The clashes, which erupted outside the municipal offices in the north Sinai town of Arish, left three demonstrators and two police officers with minor injuries, according to Ashraf Ayoub, a member of the Popular Committee for Citizen Rights in North Sinai (CCR) which orchestrated the demonstration. Ten members of the CCR were arrested as well as Ayoub who was released on the same day after being questioned.
"Such a demonstration is a sign of the people's frustration over the prolonged and unjustified periods of detention of their relatives who are being held without charge and the suffering they have been forced to go through as a result," Ayoub told Al-Ahram Weekly by phone.
Many of the detainees, Ayoub said, had told visitors that they had been tortured to extract confessions from them.
The demonstration began as a protest march by mostly women wearing black. They marched from Arish's central mosque following Friday prayers up to the town hall.
Those arrested were questioned and ordered to be remanded for 15 days pending questioning.
TEN suspected members of the outlawed Muslim Brotherhood were arrested in pre- dawn raids on Monday as part of the Ministry of Interior's clampdown on the group.
All suspects were remanded for 15 days in custody pending further investigation. The suspects were arrested in Sharqiya Governorate, 80 kilometres northeast of Cairo. Police said they seized documents and leaflets in the possession of the suspects which contained ideas which contradict the state's constitution and violate the law.
According to Brotherhood sources, those arrested include three government employees, two doctors, two engineers, one university professor and the imam of a mosque.
AN EGYPTIAN accused of spying for Iran's Revolutionary Guard has pleaded not guilty during the opening session of his trial, saying he had been tortured by intelligence officers while in detention.
The court also heard charges brought against an Iranian diplomat that he gave the defendant, Mahmoud Eid Dabbous, money in exchange for information about the petrochemical complex in the Saudi Port city of Yanbu.
On Saturday, a bearded Dabbous denied the charges, saying they were an insult to the Islamic Republic of Iran, which he referred to as "the last bastion of Islam".
Iran has denied the charges brought against the diplomat, Mohamed Reza Hosseindoust, who is being tried in absentia, saying they were "baseless".
According to the indictment, Dabbous sent Iran's Revolutionary Guard information which would facilitate the targeting of strategic areas in Egypt and Saudi Arabia. The prosecution charged that Dabbous had shared information with people working for the Revolutionary Guard in order to help them plan and carry out terrorist operations inside the country.
At the time of his arrest the prosecutor- general said Dabbous had supplied Hosseindoust with information that assisted him in spearheading May's Yanbu attack which killed five Western engineers. Dabbous denied the charge.

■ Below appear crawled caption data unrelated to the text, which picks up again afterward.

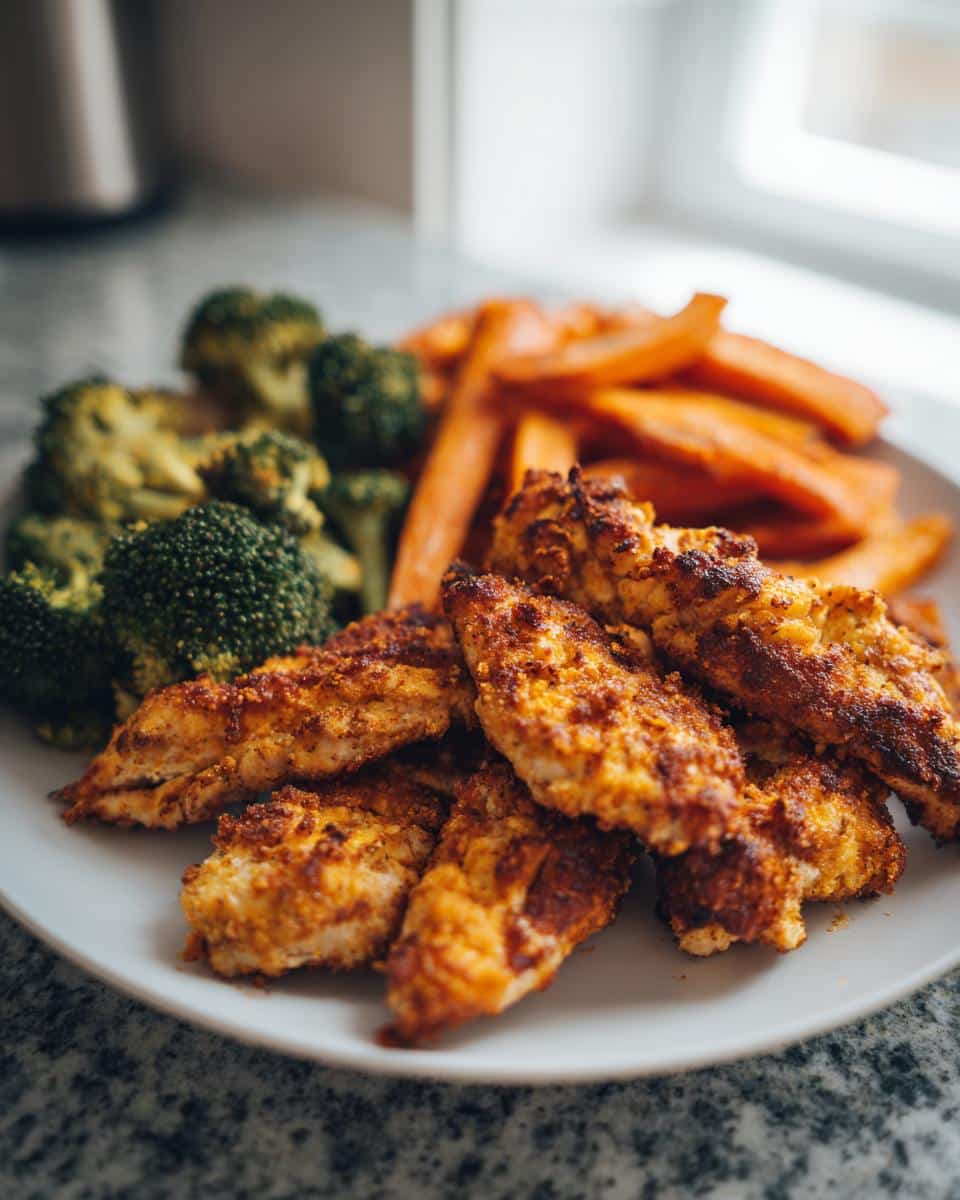 A plate of crispy Air Fryer Chicken Tenders served with steamed broccoli and carrot sticks, perfect for Quick and Easy Air Fryer Dinner Recipes.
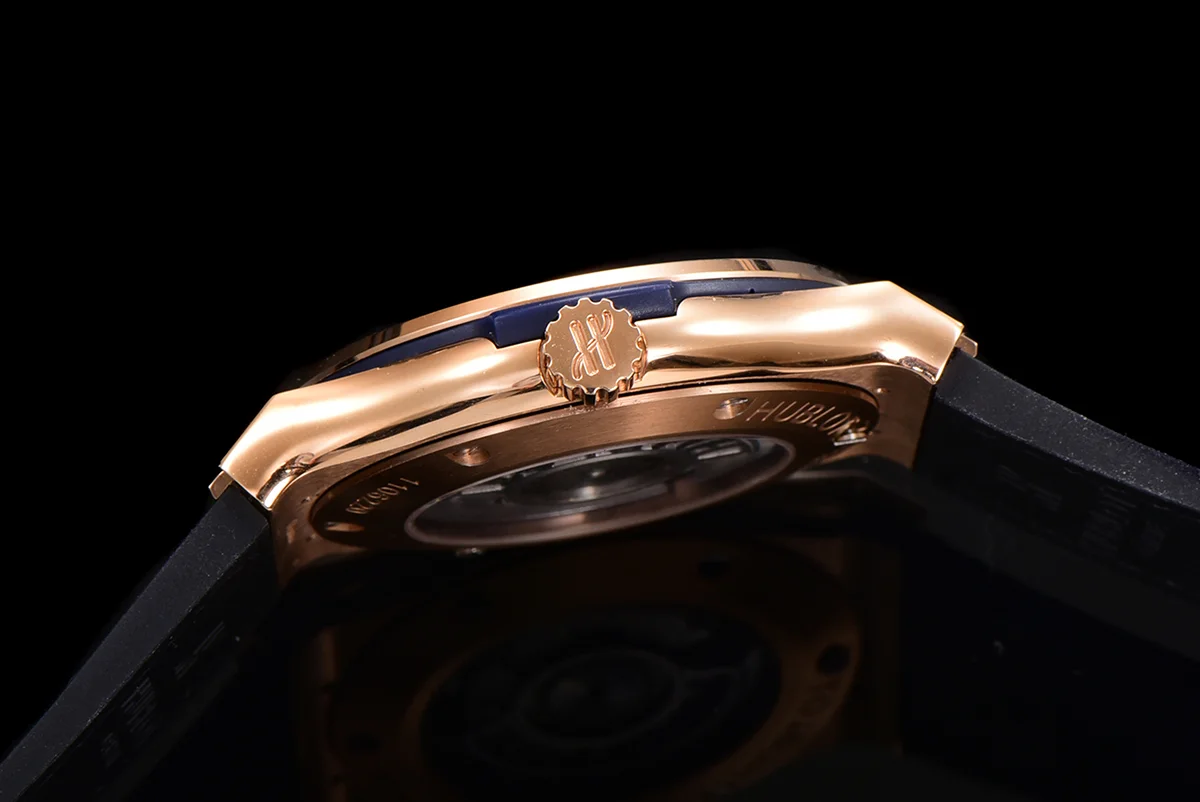 Classic Fusion Automatic 42mm Diamond Paved Dial in Rose Gold on Brown Leather Strap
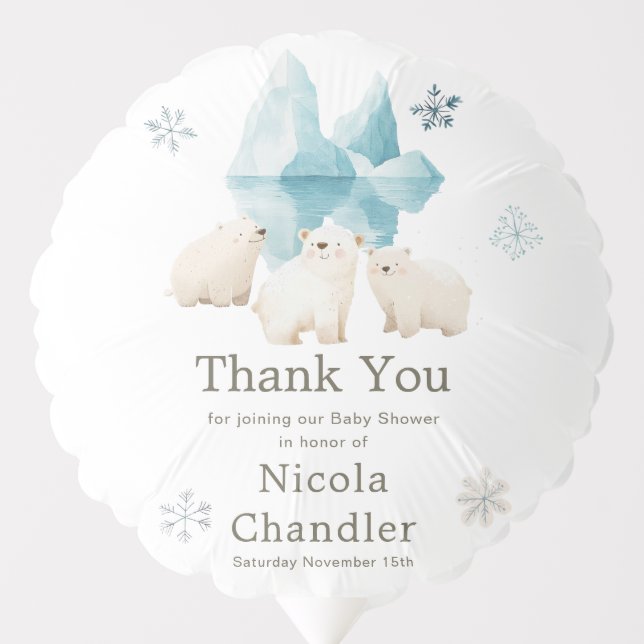 Cute Winter Polar Bears Baby Shower Balloon (Front)
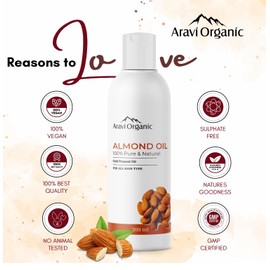 Aravi Organic cold pressed almond oil For Hair, Skin - Nourishing Carrier Oil for Face & Body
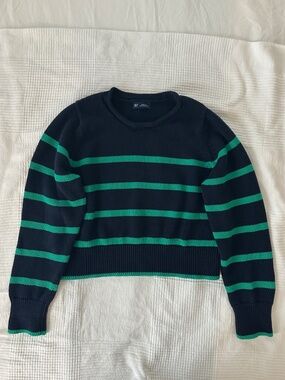 Gap Striped Shrunken Roll Neck Crop Sweater M(Petite)
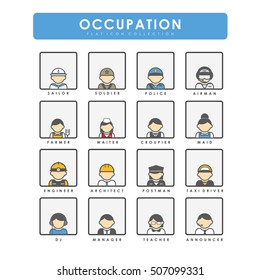 16 occupations and people flat icons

Iran has not had formal diplomatic ties with Egypt since its revolution in 1979 when Tehran broke off relations after Egypt signed its peace treaty with Israel. However, there are reports that the two countries might restore relations pending agreement on cooperation on security matters.
A SINAI court has dismissed a case demanding compensation from Israeli Prime Minister Ariel Sharon over accusations he was involved in the torture and killing of thousands of Egyptian prisoners of war during the 1967 Egyptian-Israeli war.
The court instead fined lawyer Mahmoud Said Lotfi, who filed the lawsuit, LE500 for failing to provide sufficient evidence supporting the case.
Lotfi, a member of the Afro-Asian Lawyers Syndicate, filed the case last year, accusing Sharon of involvement in the torture and killing of 16,000 Egyptian POWs, including burying some of the them alive. Lotfi had asked for $60 million in compensation.